Randy Hatzenbuehler, President of the Theodore Roosevelt Medora Foundation, nods approvingly. “That’s a good description. That’s a really good description.”
an experiment
Wednesday, January 12, 2005
from the Mistresse
(from October 27, 2004)
I'm a good performer. But I'm not a good actress. It's rather like the difference between Tim Robbins and Jack Nicholson. Tim Robbins has played dozens of different types of roles - he's a great actor. Now, Jack Nicholson is great, too, but whatever role he plays - he's always Jack. He's a performer, not an actor.
I'm like that. I can play me really well - but I can't make myself disappear and be someone else. The persona of "Mistress Matisse" is a facet of who I truly am - so it's very genuine. But it's not divorced from the rest of me, and so in my sessions, I'm also (sometimes) kind, and I'm usually engaged. I don't play the angry bitch with my clients, that's not my style. Doesn't mean I'm not sometimes severe and strict, if I wish to be, and it certainly doesn't mean I'm not sadistic. I always tell people I'm the sweetest sadist you'll ever meet.
Her succinctness should make all those self-important blathering theorists blush. (Actually, she should make them blush anyway--go read about figging.)
Wednesday, January 05, 2005
a turning point
Play reviews--easy. I watch theater critically, in terms of form, craft, content and context--it's part of my job. And even when I don't like a play, it's clearly (I hope clearly) nothing personal. I have a safe cushion in the berth of being the uninvolved audience member.

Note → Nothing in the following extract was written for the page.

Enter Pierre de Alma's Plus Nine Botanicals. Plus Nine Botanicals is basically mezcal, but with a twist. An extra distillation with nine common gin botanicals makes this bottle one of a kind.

Philosophical / theoretical discussion of the form and apparatus--eh, medium-easy. The only problem with those posts can be unwieldiness and length. I'm still figuring out, site-wise, how to post or upload my longer writings on the topics.
With both of the above, I'm writing as myself, and for myself, but have the advantage of distance and abstraction. What I'm not so comfortable with remains:
Writing about my work. First, making the play. The process of putting on a play can bring out the best, worst, oddest, most excited and most insecure in its participants. It kaleidescopes constantly, in different order and at different rates for each individual involved.

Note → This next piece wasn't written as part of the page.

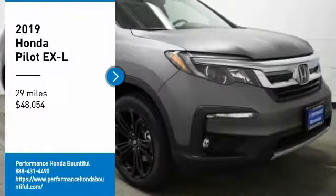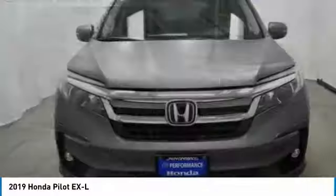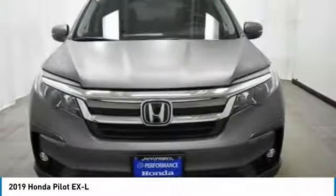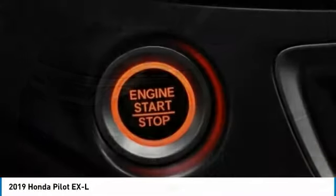Looking for the right vehicle? Check out the 2019 Pilot. Optimal utility. Indulgent interior. Powerful performer. You'll be ready for almost anything in the Honda Pilot.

Add this to the fact that theater artists are crazy. Yes, they're all crazy. My friends, somehow, tend not to be other theater people (with notable exceptions, of course). So you have a bunch of insecure nutty personalities kaleidescoping and scared and exhilerated and it leads to collisions and dramas and issues.
At the end of the process, you have a great play, and the tensions and kerfuffles are forgotten and everyone' s happy. So sometimes writing about it while it's happening, committing the stuff to historical memory by scrivening (and publicly!) seems, well, problematic. Especially for the director, who should find a few uninvolved, discreet friends to bitch to during the weeks of rehearsal and leave it at that. I mean, my actors read this blog while I was working on CLUB*, and to subject them to my own anxieties and insecurities would have undermined exactly what I was doing with them.

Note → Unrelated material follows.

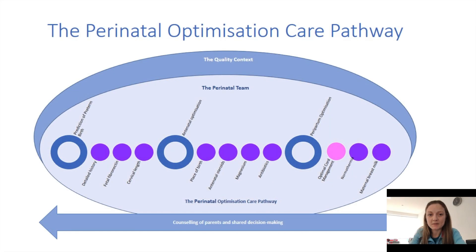As part of the perinatal optimisation care pathway, we think about things prior to delivery, at the time of delivery and just immediately after delivery. In this presentation, I'll be focusing on optimal cord management, which is an evidence-based strategy to reduce perinatal mortality.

Then there's the other personal part of my work: getting work, navigating the terrain of Theater in America. And that has its own set of concerns, insofar as making the process public could easily be the equivalent of shooting myself in the foot professionally. Again, because all theater people are crazy.
So.
The point is, there has been a lot, a lot, a lot, going on in that hiatus between the summer and now. But it had to do with my work as it was happening, and I didn't know how to write about it. I mean, I just had a positively ridiculous professional encounter which I want to write about desperately, but shouldn't. I wish this had been an anonymous blog.
A thought: Perhaps I should only tell personal/professional stories a year or two after they occur.
Mmm.
Tuesday, January 04, 2005
words of wisdom
There's a lot of money TV and film, so you expect people to whore themselves. Theater is like your old granny. Don't make your granny get up out of her nice easy chair, put on heels and work the street corner!